Lines added that he also received a valuable education during the war and that led to employment with Bell Canada after the war.

Lines said he grew up near Victoria, B.C. In 1942, he joined the Royal Canadian Navy, and was sent to Calgary for training as an engine room artificer. ERAs were responsible for just about everything below decks aboard wartime ships.

“We were sent to the exhibition grounds, where they have the Calgary Stampede,” he said. “They set up classrooms there and training centres.”

Lines was assigned to an ocean-going tug in Montreal, and that’s where he met Julia, the woman he would marry.

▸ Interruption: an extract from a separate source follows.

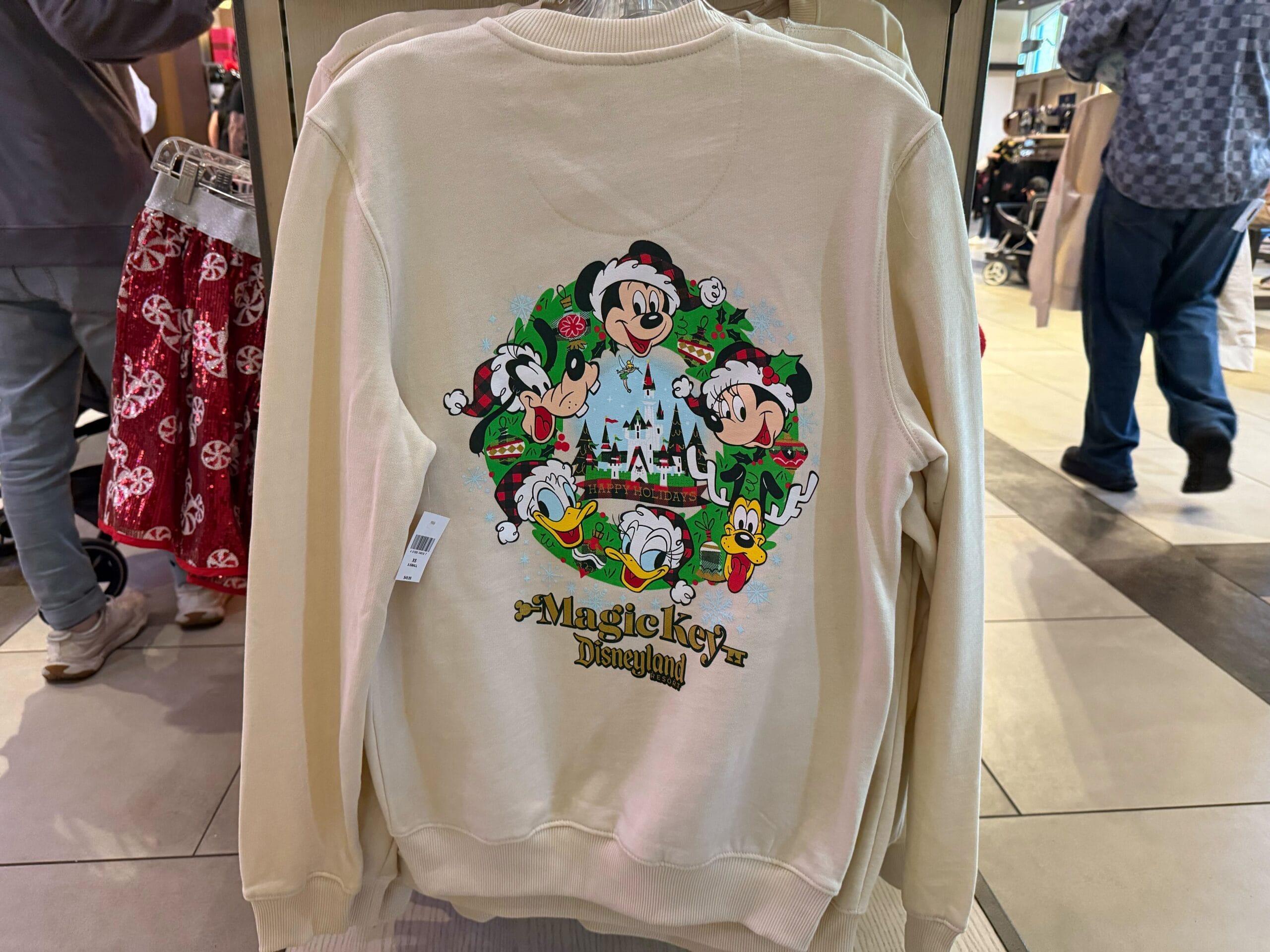Cream Magic Key Sweatshirt featuring Disneyland Christmas art of Mickey and friends around Sleeping Beauty Castle, smaller than Cinderella Castle.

In late 1944, Lines and his tug served on the St. Lawrence River, near Gaspé, Que.

“We were the standby tug for Gaspé,” Lines said. “German submarines were coming up into the St. Lawrence there.”

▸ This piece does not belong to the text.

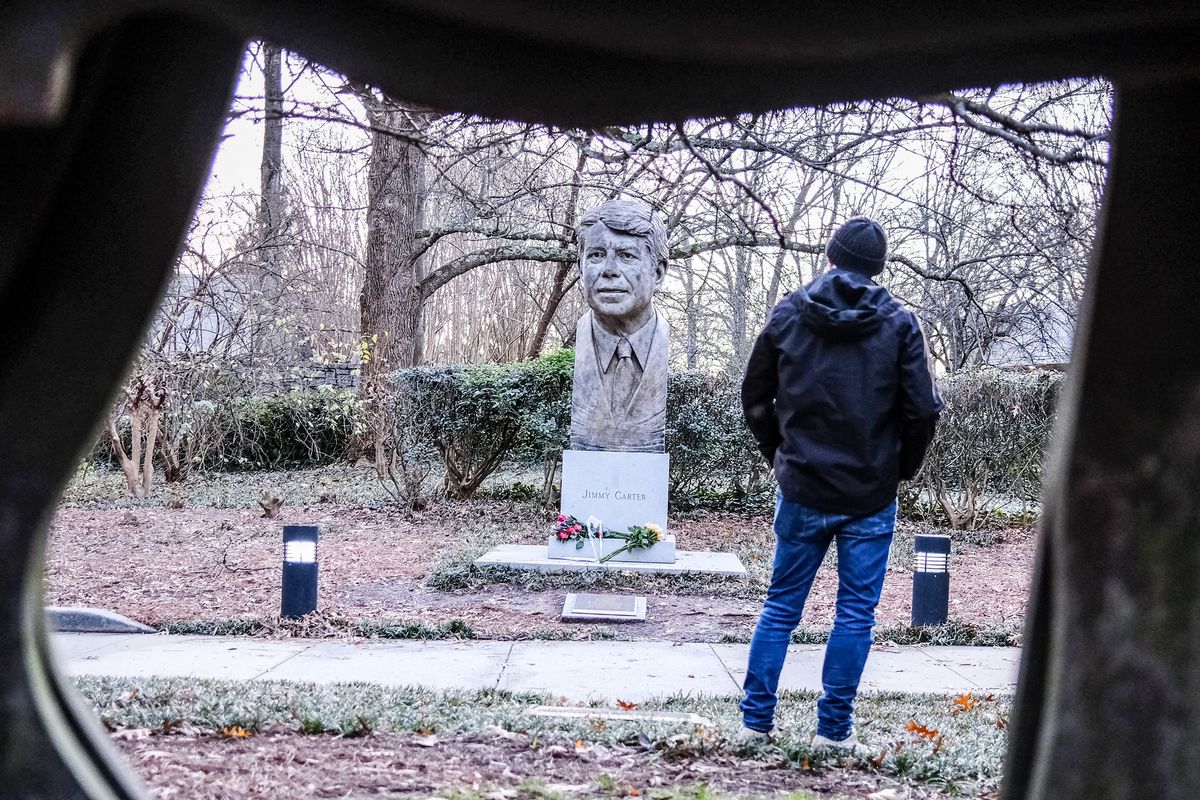 A person stands in front of a bust of former President Jimmy Carter where people laid flowers in his memory at the Carter Presidential Center in Atlanta, on Dec. 29, 2024. Jimmy Carter, the 100-year-old former U.S. president and Nobel peace laureate who rose from humble beginnings in rural Georgia to lead the nation from 1977 to 1981, has died, his nonprofit foundation said December 29.   (Alex Wroblewski/AFP/GETTY IMAGES NORTH AMERICA/TNS)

Lines stayed there until the day after Christmas, 1944, when his tug was transferred to Halifax.

He recalled that the harbours, such as the one at Halifax, were protected by loop stations, large circles of cable on the harbour floor that could detect the magnetic field of submarines.

“Sometimes ships coming into the harbour would (accidentally hook onto) these things and break them. So our job was to go out and patch them.”

Lines said he worked in Halifax until the end of the war, when he received his discharge. He returned to Julia in Montreal.

Thinking back on his wartime experiences, Lines said it’s important to remember. “(Remembrance Day) ceremonies are very important,” he said. “Wars are never going to cease. And unfortunately, people never learn.”